Given the time constraints and the variety of tasks involved, the kids had to collaborate and rely on each other to ensure that the puzzles, props, and story formed a cohesive whole. One of Hadani and Jaeger’s suggested strategies for promoting collaboration was providing “project-based opportunities that are structured to avoid merely splitting of tasks in favor of sharing and co-creating.” Given the number of participants and the amount and variety of work that needed to be accomplished, logistically, we had to split participants into multiple groups, each with a different purpose or task. However, each group had to work together to achieve their individual objectives, and all of the groups fed into the same shared goal.

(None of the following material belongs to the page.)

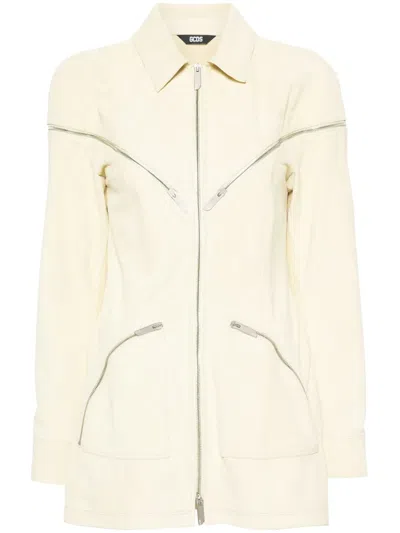 Gcds All-around-zip Suede Jacket In Yellow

A good example was a puzzle that involved a robot maze. Using grant money, we purchased Dash and Dot, a set of programmable robots. The group working on the puzzle first worked together to program the robots so that by pushing buttons on Dot, Dash would move. At subsequent meetings, they determined how wide the maze paths had to be for Dash to be able to move easily, designed several iterations of the maze on paper, measured out and colored in where the walls would be, and painted the maze. At every step, they worked on these tasks together. Sometimes this was out of necessity (it’s pretty hard to use a chalk line alone), but mostly they were doing tasks together that they could have done individually. This allowed them to problem solve, share ideas, and create something better together.

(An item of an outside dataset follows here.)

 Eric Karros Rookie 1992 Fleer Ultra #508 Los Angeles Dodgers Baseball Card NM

A major outcome we were interested in fostering was a sense of ownership of the library among the community, especially the youth participating in Library Lockdown. Pierce et al. (2003) define psychological ownership as “that state where an individual feels as though the target of ownership or a piece of that target is ‘theirs’ (i.e., it is MINE!)” The project was embarked upon with the hope that creating a physical space would instill a sense of accomplishment and pride, and the children would develop a sense of ownership over the library. Though we did not attempt to measure the participants’ feelings of ownership in any formal way, many of the participants started referring to the escape room as “their room,” and those who played the room with their family or school groups pointed out the puzzles they helped make and enjoyed watching their teammates attempt to solve them. From being on a first name basis with the library director, to having access to a room off limits to everyone else, to keeping secrets about the project from family and friends (can’t give away clues or answers to the puzzles!), we noticed participants definitely had an increased level of comfort in the library space and were clearly very proud of what they had accomplished.
Engaging the community
Working with groups and individuals in the community proved to be both easy and rewarding. From planning to opening, we sought to involve a variety of groups in the project. Initially, we approached principals and teachers at local schools to advertise and help recruit students to participate. This also led to a few teachers volunteering to help.

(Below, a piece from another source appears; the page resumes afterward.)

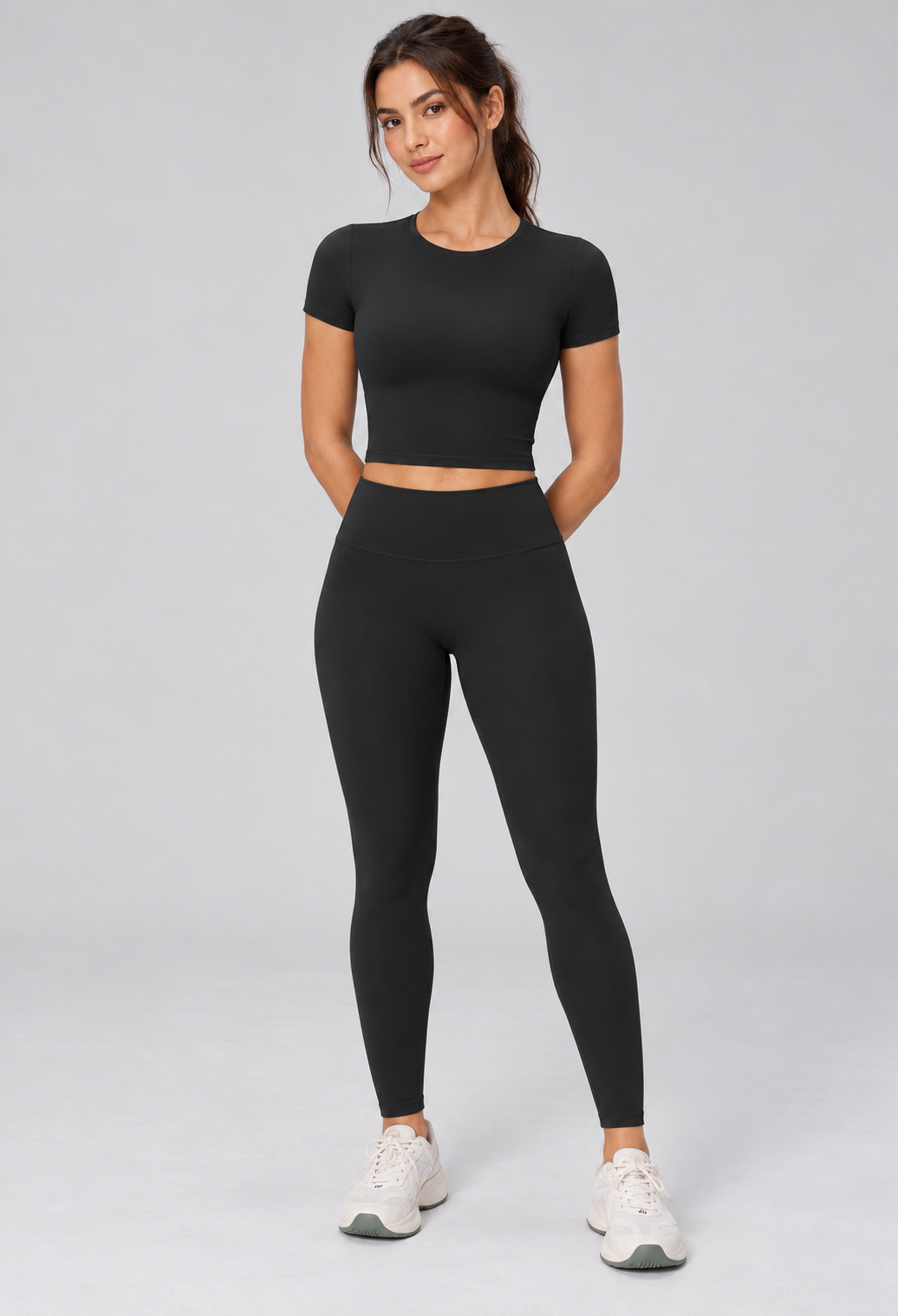 Brushed Fitted Tee - women's brushed fitted workout tee in Black | NIMORA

When the group decided to make a zombie movie, we approached an acquaintance at the local radio station, who volunteered to direct, film, and edit the movie for free. The city police chief also agreed to be interviewed about the zombie invasion. The city mayor and his family readily agreed to be the first official group to try out the escape room. This drummed up publicity and provided a final, grand opening event for the group to celebrate their accomplishment. Though no one declined the invitation to participate, we had a couple of people who offered to help, but had to back out for various personal reasons.
Gameplay and game mechanics
The entire project was a clear case of ‘process’ over ‘product’. As we explained above, our main goals involved engaging the kids and inspiring them to be creative. Having an escape room was the secondary goal, and, in order to ensure that the room worked well as an experience for the community, we had to make sure the gameplay was there. Whether you enjoy a game or not, is closely related the flow of the experience (Sweetser & Wyeth, 2005).
Gameplay hinges on both variety and functioning mechanics. Variety means that you aren’t simply solving riffs on the same word-replacement puzzle. Functioning mechanics is that the puzzle can be solved, but more importantly it relates to balance.
When explaining the importance of a balanced experience to the kids, we kept coming back to the video-game metaphor. Imagine a race game. If the track you are racing on is a straight line, he best car always wins and no skill is required. On the other end of the spectrum the track can curve so much and beat even the most skilled driver. Neither of those experiences will be a lot of fun. The first one will be boring and the second one frustrating.
We ran a puzzle in which they had to find a key to a lock. Then we tasked them with creating a similar experience for another group. The first thing we heard was a gleeful ‘they will never find it’. Then you remind them of the video game and the racetrack. We want them to find the key. Impossible isn’t fun.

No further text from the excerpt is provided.